# rockb's manzanita



## DKMD (Apr 25, 2012)

I was lucky enough to purchase a nice manzanita burl from rockb right here on Woodbarter, so I thought I'd share the finished project. This hollowform is about 7 or 8" tall and almost as wide(I rarely measure anything). It's finished with a good buffing and a coat of renaissance wax… This stuff doesn't really need a finish!

Thanks to Rocky for sharing his beautiful manzanita burl with me! I forgot to take a photo of the piece before I turned it, but maybe Rocky kept a photo from the listing thread… If you did, Rocky, feel free to post it.

Comments, criticism, and suggestions always appreciated!

[attachment=4755][attachment=4756]
[attachment=4757][attachment=4758]
[attachment=4759][attachment=4760]


----------



## Mike1950 (Apr 25, 2012)

Beautiful piece of wood and workmanship.


----------



## brown down (Apr 25, 2012)

i like that a lot outstanding job


----------



## West River WoodWorks (Apr 25, 2012)

That is absolutely beautiful!!!

I purchased a piece from Rocky also, and I just had bangleguy stabilize it for me.
How was it turning? 

Any suggestions for turning this kind of burl?
Thanks for sharing your photos!
Tom


----------



## DKMD (Apr 25, 2012)

Thanks folks!



West River WoodWorks said:


> That is absolutely beautiful!!!
> 
> I purchased a piece from Rocky also, and I just had bangleguy stabilize it for me.
> How was it turning?
> ...



It's fairly hard but not as bad as the Aussie burls.
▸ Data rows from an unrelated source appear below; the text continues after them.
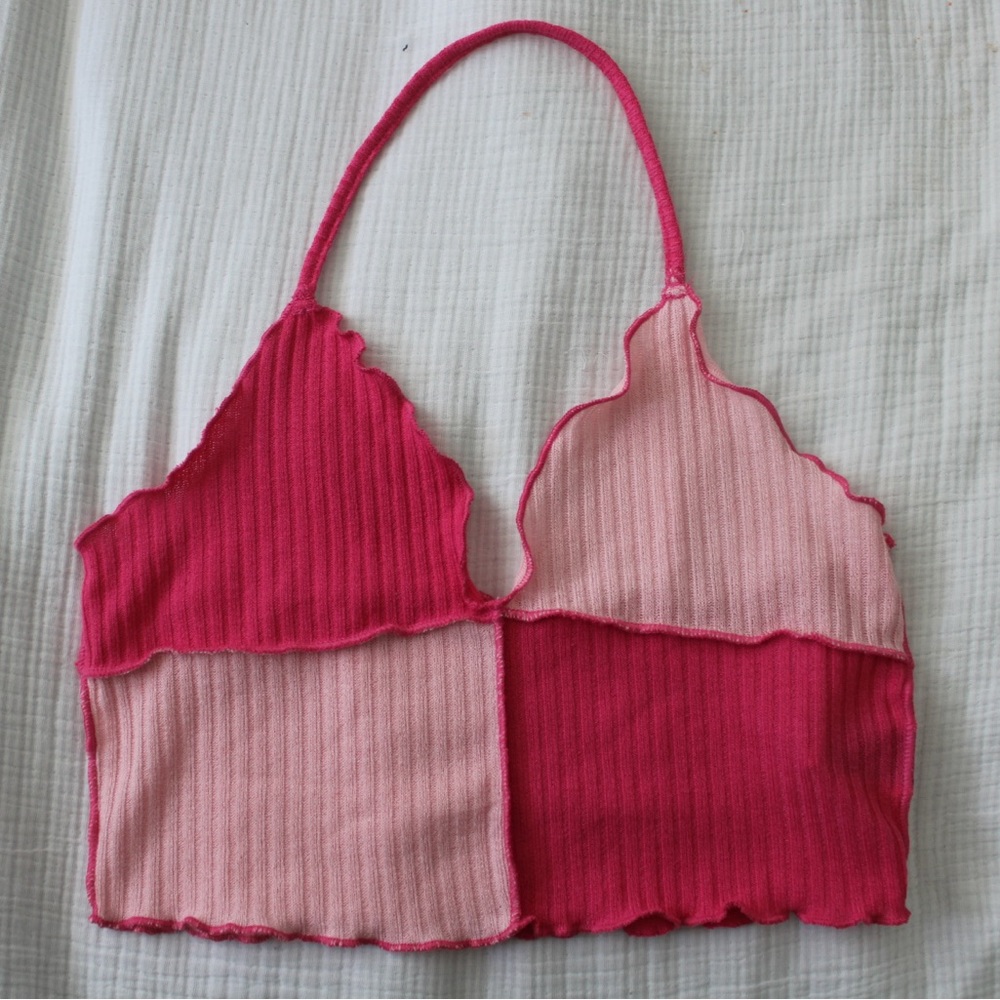Pink crop top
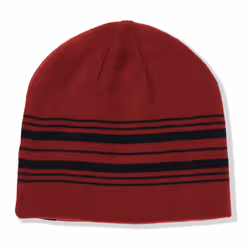 Callaway Golf Mens Tour Authentic Reversible Striped One Size Beanie Hat - One Size, Cardinal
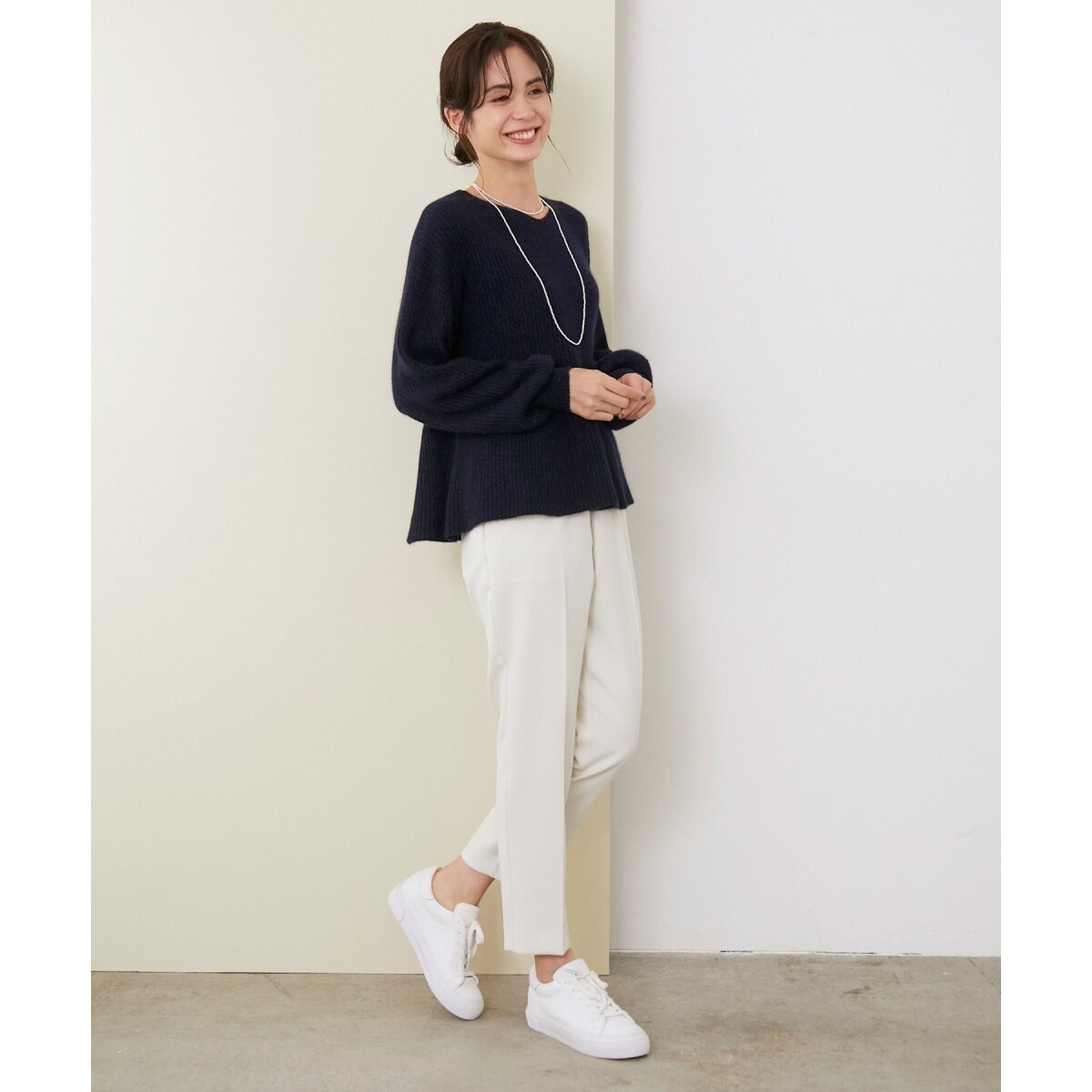 ROPE’ - ロペ☆ラメ混畦ニットペプラムニットプルオーバー 楽天市場】【SALE／30%OFF】ラメ混畦ニットペプラムニットプル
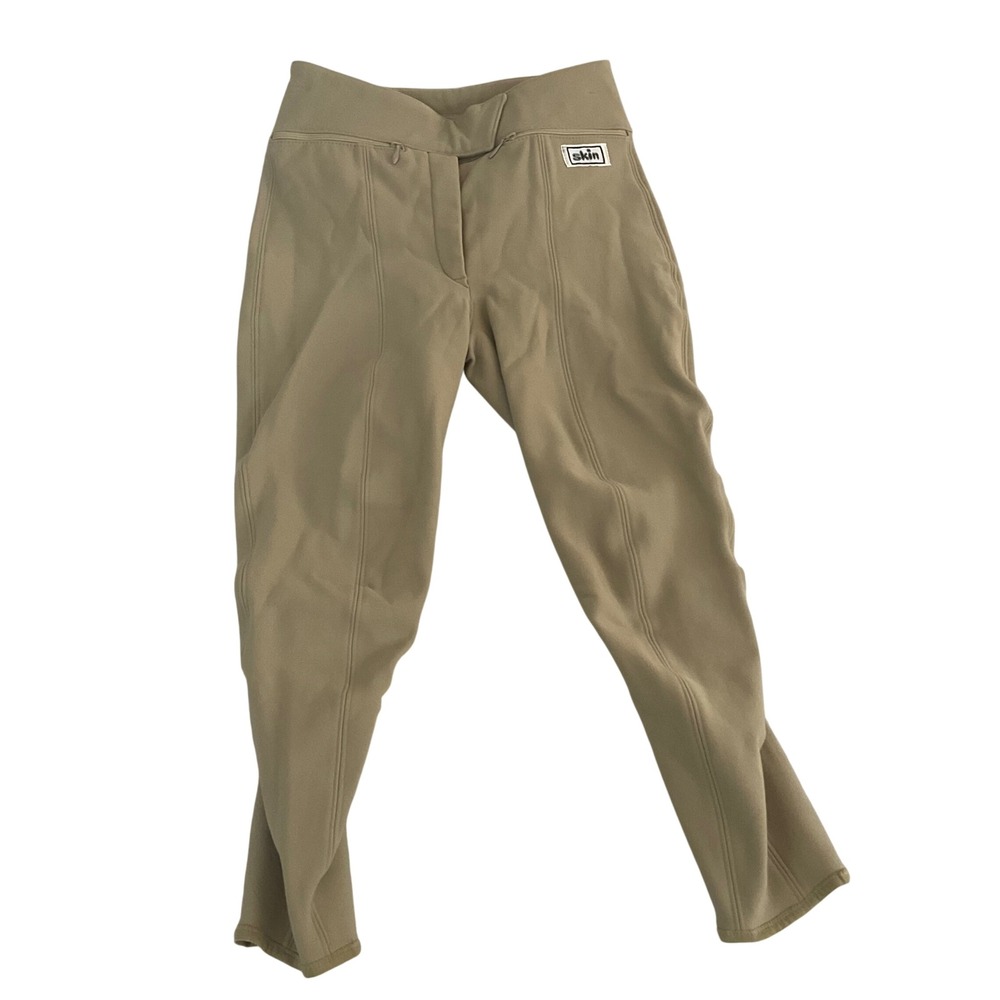 Skin Riding Pants Women 42 Tan Vintage Swiss Rare Breeches Equestrian Habsburg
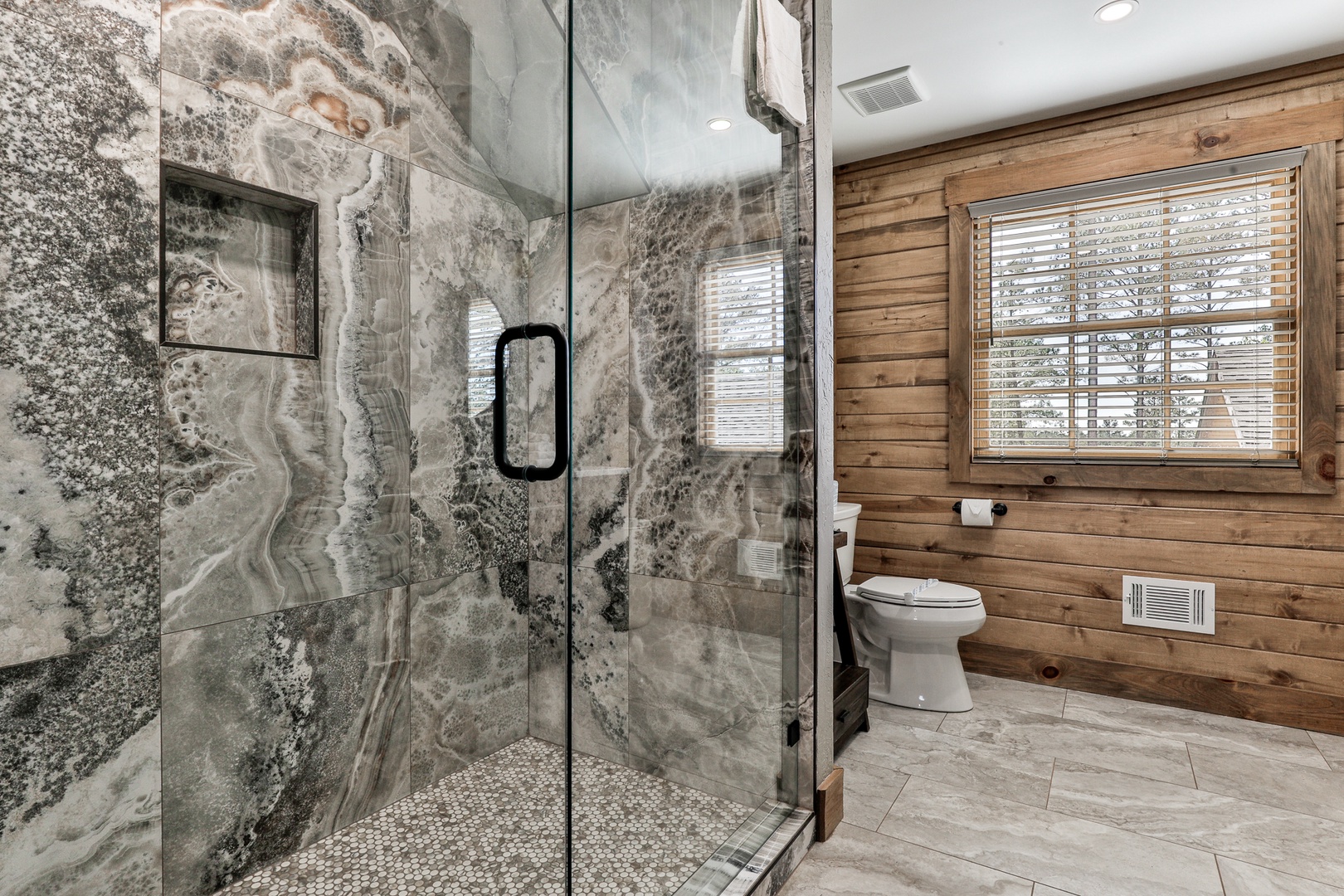 Full Bath with walk in shower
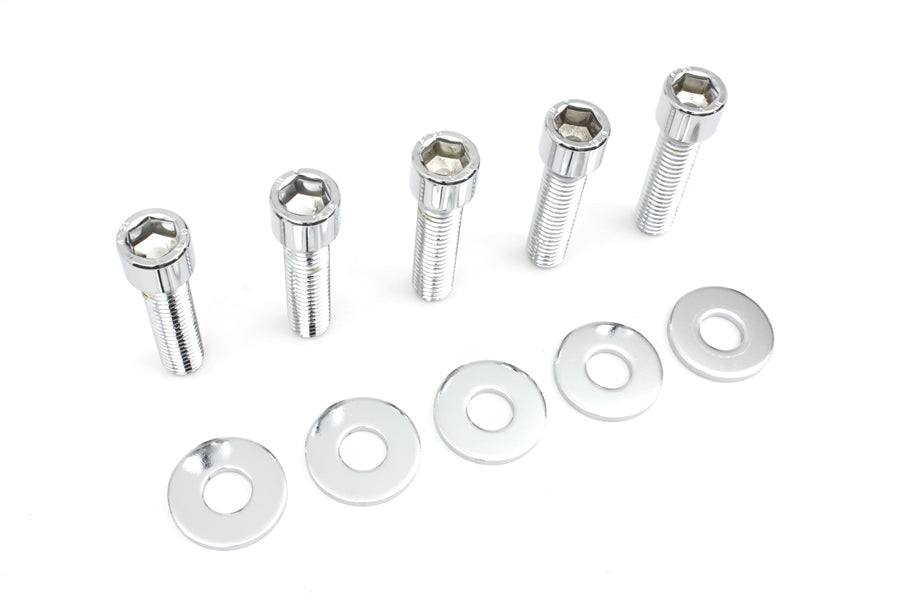 2054-10T - Rear Pulley Bolt and Washer Kit Allen Style by V-Twin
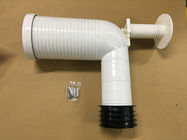 Injection Processing Toilet Drain Pipe 4 Inch PP Elbow Wall Toilet Accessories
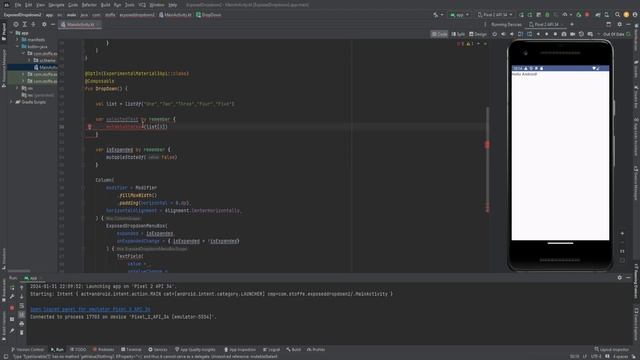 Dropdown Menu - Jetpack Compose (Android Tutorial, ExposedDropDownMenu) смотреть онлайн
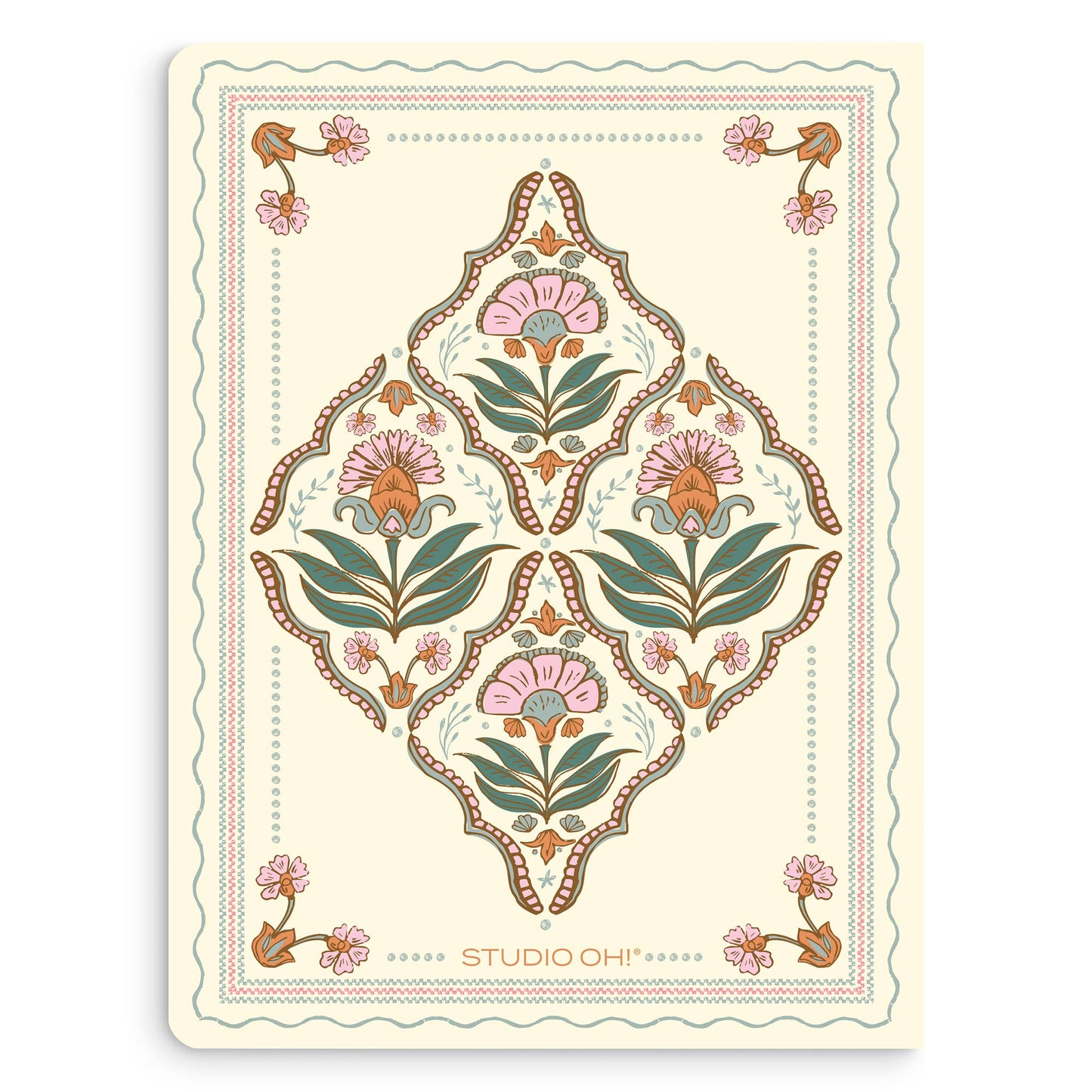 Floral Tapestry Medium Coptic-Bound Journal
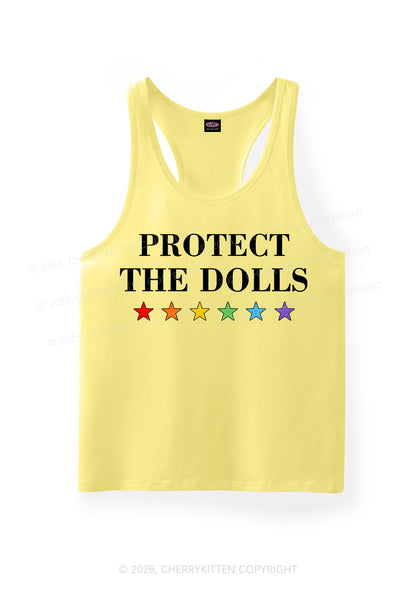 Protect The Dolls Pride Y2K Men Racerback Tank Top Cherrykitten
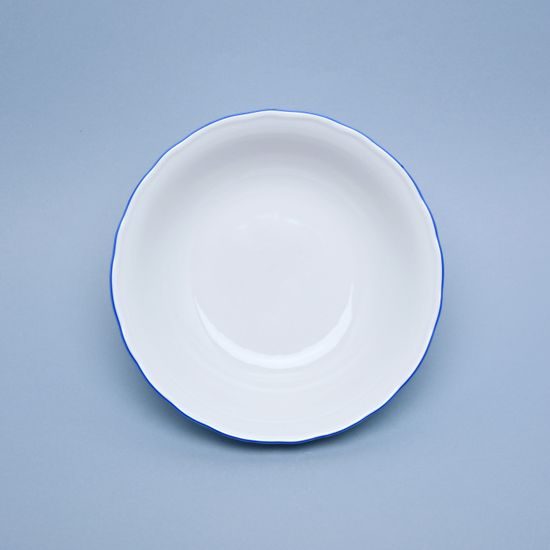 Mísa 21 cm, bílý porcelán s modrou linkou, Český porcelán a.s.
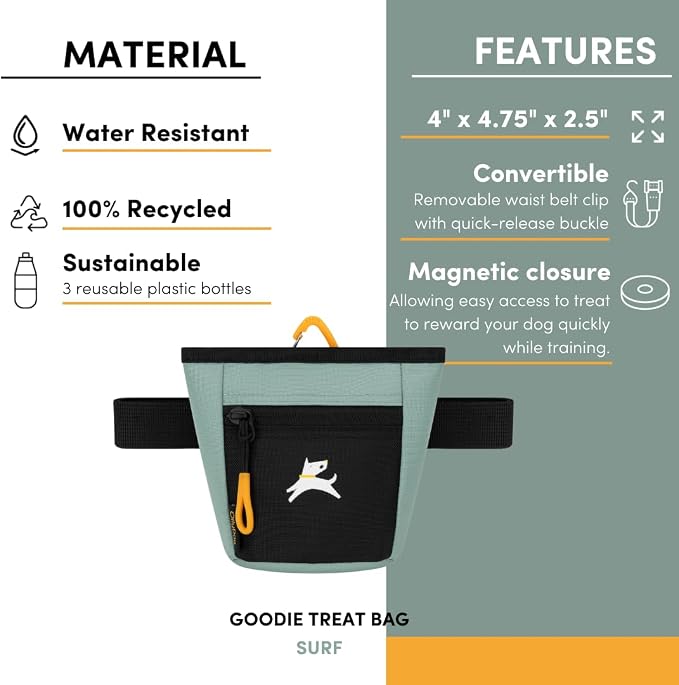 OllyDog, Goodie Treat Bag, Dog Treat Training Pouch | Magnetic Closure | 3 Ways - Image 6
I found it to cut well and scrape well with sharp tools. This piece was full of cracks and voids as you can see, but it held together quite well without any kind of tape or wrap. Honestly, I found it to be a pleasant experience. The stabilizing will change the characteristics a bit, but I doubt this stuff soaks up too much resin given how dense it is… Give it a spin!


----------



## Dane Fuller (Apr 25, 2012)

Excellent piece, David. Like I said in the other forum, I love the NE opening and the small foot. The voids make it even better!


----------



## EricJS (Apr 25, 2012)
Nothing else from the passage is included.